Commit ceceea5
authored
promote blocksparse from prototype, make it faster (#1734)
This PR promotes block sparsity from prototype in torchao.
Chiefly, it ports over the triton addmm blocksparse kernels from core, and makes several performance improvements to them.
All of the numbers reported below are for an H100, with blocksize=64 and sparsity_level=0.9. The default dense baseline is 134 tok/s
1) Adds padding support to the triton kernel for dense matrices with dimension < 16, like those we run into during decoding. (214 -> 218 tok/s)
2) Changes the default [num_stages](triton-lang/triton#512) parameter from 1 to 4. This has a large effect on performance, and it seemed like the default kernel autotuning either does not modify or deems this parameter to be unimportant for some reason. (218 -> 263 tok/s).

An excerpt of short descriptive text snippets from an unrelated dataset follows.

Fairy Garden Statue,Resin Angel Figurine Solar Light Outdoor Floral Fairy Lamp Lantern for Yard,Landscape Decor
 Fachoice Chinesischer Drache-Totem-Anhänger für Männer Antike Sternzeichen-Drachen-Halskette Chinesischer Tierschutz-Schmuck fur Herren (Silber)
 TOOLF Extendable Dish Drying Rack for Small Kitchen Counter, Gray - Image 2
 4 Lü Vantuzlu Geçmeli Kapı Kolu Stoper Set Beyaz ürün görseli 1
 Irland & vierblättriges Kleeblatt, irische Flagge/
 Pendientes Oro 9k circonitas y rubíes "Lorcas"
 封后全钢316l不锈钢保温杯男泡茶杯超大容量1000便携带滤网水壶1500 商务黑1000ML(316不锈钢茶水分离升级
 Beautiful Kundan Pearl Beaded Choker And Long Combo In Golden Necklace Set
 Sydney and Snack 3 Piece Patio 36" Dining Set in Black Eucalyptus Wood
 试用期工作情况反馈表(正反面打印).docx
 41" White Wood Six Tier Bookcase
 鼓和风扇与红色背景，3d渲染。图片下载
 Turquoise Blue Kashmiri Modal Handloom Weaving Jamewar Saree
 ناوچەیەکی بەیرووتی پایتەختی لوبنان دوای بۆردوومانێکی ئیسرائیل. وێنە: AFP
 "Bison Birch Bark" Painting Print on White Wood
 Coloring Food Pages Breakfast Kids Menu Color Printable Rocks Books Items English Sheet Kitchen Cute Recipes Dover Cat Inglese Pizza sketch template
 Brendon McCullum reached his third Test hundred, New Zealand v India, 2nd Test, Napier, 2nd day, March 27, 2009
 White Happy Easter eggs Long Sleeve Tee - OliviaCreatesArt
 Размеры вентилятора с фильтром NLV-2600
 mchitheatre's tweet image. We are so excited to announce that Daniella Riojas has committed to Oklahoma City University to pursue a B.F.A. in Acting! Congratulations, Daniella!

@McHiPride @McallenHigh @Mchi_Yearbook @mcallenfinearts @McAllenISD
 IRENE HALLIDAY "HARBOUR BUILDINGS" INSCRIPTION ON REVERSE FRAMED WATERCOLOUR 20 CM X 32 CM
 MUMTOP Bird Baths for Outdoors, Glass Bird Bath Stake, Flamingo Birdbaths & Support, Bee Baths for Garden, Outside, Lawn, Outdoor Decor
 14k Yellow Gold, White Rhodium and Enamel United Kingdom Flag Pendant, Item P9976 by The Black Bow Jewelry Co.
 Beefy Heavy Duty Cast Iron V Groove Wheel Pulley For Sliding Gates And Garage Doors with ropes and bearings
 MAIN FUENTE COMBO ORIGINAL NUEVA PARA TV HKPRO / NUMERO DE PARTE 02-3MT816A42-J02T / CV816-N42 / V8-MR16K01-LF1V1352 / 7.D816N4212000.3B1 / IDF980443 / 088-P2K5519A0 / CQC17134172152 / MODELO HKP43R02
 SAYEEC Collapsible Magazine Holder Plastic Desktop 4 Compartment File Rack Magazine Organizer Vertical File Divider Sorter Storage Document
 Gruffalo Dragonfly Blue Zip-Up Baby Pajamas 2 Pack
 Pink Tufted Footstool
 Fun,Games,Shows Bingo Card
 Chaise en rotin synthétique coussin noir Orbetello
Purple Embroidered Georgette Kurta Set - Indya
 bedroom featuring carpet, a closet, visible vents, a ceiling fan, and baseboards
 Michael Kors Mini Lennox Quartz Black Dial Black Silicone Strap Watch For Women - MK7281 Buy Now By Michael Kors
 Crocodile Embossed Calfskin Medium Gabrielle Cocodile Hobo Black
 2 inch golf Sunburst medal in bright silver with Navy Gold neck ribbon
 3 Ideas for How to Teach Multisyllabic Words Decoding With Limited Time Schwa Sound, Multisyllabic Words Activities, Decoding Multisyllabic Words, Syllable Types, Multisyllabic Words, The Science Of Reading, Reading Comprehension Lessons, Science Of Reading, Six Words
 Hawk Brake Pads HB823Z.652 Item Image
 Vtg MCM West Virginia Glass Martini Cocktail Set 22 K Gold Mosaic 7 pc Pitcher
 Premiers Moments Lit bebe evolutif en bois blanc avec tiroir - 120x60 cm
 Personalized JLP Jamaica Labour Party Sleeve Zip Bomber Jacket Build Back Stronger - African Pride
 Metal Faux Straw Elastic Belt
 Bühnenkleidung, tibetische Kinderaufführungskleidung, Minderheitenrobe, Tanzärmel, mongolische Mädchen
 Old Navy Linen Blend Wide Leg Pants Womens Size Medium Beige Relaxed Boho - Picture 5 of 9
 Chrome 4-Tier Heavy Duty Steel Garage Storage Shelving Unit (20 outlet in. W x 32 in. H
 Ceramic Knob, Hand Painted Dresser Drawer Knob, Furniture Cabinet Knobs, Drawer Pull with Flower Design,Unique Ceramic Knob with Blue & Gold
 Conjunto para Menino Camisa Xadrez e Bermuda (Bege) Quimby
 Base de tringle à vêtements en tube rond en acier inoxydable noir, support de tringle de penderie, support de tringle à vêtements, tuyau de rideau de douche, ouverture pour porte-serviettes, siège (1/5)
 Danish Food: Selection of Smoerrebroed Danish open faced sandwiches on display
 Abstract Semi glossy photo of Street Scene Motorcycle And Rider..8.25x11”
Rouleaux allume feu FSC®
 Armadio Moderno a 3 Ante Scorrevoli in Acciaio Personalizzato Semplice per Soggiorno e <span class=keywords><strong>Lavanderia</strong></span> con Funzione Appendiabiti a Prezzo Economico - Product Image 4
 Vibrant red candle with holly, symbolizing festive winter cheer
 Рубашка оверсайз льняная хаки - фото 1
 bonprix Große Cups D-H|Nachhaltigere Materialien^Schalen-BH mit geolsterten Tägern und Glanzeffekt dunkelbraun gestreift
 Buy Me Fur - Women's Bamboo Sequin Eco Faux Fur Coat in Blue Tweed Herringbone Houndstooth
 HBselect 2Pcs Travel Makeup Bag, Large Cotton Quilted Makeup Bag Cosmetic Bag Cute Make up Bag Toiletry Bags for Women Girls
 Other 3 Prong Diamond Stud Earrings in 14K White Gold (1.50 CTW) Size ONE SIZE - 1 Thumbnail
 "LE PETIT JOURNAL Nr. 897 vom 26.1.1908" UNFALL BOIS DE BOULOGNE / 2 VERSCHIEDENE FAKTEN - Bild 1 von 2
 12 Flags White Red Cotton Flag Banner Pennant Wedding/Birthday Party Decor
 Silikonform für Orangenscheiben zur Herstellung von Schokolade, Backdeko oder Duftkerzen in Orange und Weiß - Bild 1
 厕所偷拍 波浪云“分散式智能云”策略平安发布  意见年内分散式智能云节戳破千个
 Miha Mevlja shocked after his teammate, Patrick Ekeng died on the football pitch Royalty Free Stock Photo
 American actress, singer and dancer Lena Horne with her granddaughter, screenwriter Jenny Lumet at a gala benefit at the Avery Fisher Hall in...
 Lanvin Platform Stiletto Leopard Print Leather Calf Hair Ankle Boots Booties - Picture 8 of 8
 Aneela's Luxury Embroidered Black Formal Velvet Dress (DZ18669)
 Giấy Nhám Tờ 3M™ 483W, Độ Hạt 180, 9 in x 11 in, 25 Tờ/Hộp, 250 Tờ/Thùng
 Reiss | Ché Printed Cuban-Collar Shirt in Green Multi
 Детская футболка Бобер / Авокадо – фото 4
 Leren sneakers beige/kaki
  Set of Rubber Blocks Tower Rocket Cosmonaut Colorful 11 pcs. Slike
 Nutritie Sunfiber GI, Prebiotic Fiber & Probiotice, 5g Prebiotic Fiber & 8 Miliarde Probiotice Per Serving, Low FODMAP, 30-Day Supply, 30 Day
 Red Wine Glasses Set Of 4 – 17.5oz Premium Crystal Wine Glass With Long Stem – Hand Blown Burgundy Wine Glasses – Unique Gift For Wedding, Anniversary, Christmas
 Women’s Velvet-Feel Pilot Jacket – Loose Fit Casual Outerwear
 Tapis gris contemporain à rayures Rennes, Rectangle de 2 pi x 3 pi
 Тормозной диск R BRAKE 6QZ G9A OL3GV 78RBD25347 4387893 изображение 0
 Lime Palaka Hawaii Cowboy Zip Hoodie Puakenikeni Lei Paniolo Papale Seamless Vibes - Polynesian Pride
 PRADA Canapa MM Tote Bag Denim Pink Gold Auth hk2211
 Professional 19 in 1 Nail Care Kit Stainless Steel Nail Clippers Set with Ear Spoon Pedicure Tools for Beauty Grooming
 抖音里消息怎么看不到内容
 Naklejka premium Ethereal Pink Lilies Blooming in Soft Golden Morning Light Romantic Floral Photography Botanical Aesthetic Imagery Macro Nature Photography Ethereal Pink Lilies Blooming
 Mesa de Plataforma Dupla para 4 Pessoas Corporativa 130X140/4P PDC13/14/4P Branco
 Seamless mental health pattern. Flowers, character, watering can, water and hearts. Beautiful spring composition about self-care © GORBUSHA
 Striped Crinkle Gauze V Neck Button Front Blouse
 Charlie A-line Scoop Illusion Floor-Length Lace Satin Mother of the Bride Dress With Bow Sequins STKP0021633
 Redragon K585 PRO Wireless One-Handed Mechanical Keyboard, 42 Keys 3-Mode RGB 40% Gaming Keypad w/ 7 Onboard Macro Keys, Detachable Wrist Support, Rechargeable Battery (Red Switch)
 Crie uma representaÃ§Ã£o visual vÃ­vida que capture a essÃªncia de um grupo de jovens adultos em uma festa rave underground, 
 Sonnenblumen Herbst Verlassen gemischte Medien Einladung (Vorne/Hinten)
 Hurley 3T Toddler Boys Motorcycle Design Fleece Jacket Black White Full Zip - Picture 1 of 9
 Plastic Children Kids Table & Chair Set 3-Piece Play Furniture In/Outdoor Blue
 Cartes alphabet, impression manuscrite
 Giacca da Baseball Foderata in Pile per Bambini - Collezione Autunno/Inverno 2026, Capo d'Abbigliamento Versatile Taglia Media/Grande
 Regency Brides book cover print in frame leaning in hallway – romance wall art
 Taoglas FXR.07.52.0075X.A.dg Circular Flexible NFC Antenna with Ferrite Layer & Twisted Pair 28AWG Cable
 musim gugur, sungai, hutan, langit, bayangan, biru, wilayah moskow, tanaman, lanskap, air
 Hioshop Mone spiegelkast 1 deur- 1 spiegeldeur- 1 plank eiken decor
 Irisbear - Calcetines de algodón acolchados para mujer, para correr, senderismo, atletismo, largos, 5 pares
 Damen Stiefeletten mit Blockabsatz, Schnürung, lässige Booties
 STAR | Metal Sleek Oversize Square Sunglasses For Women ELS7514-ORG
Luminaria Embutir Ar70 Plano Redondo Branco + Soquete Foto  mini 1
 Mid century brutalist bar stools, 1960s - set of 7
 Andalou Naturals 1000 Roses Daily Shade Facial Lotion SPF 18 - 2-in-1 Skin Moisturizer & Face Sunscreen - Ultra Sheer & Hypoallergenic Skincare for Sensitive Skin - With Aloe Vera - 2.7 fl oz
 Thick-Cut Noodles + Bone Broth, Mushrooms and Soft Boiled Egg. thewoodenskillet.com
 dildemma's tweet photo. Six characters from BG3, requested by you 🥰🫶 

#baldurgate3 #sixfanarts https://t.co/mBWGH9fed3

3) Adds an env_var, BSR_AUTOTUNE, that users can use if they want to do kernel autotuning on top of the default parameters. (263 -> 266 tok/s) This seems to matter more for bs=n compute bound workloads, where I see a reduction from 0.3855 to 0.3745s on bs=8192 prefill (roughly 3%)
So in total we are seeing a **1.985x** speedup 🚀
I've also updated the documentation to not reference prototype - planning on updating the diagram in a subsequent PR.
### Testing
I added a new test case for the padding inputs and moved the test file out of prototype.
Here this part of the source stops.